**THE PROBLEM**
Locate all lines in the data below that hold "Avenue" and show them.

**RECORDS TO PROCESS**
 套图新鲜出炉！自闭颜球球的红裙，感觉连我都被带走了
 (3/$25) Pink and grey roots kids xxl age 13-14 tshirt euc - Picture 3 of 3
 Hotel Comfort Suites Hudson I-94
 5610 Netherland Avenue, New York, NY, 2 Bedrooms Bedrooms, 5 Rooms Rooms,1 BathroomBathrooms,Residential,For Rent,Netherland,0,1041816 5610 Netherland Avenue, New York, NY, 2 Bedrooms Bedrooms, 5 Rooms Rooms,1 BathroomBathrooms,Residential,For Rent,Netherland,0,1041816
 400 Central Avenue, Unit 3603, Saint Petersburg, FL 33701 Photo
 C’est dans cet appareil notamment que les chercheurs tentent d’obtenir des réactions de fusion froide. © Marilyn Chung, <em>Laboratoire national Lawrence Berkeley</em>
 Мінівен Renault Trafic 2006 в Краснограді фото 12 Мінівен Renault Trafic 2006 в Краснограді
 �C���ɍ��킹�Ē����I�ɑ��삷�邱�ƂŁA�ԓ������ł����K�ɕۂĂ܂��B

**SOLVED PROBLEM**
 5610 Netherland Avenue, New York, NY, 2 Bedrooms Bedrooms, 5 Rooms Rooms,1 BathroomBathrooms,Residential,For Rent,Netherland,0,1041816 5610 Netherland Avenue, New York, NY, 2 Bedrooms Bedrooms, 5 Rooms Rooms,1 BathroomBathrooms,Residential,For Rent,Netherland,0,1041816
 400 Central Avenue, Unit 3603, Saint Petersburg, FL 33701 Photo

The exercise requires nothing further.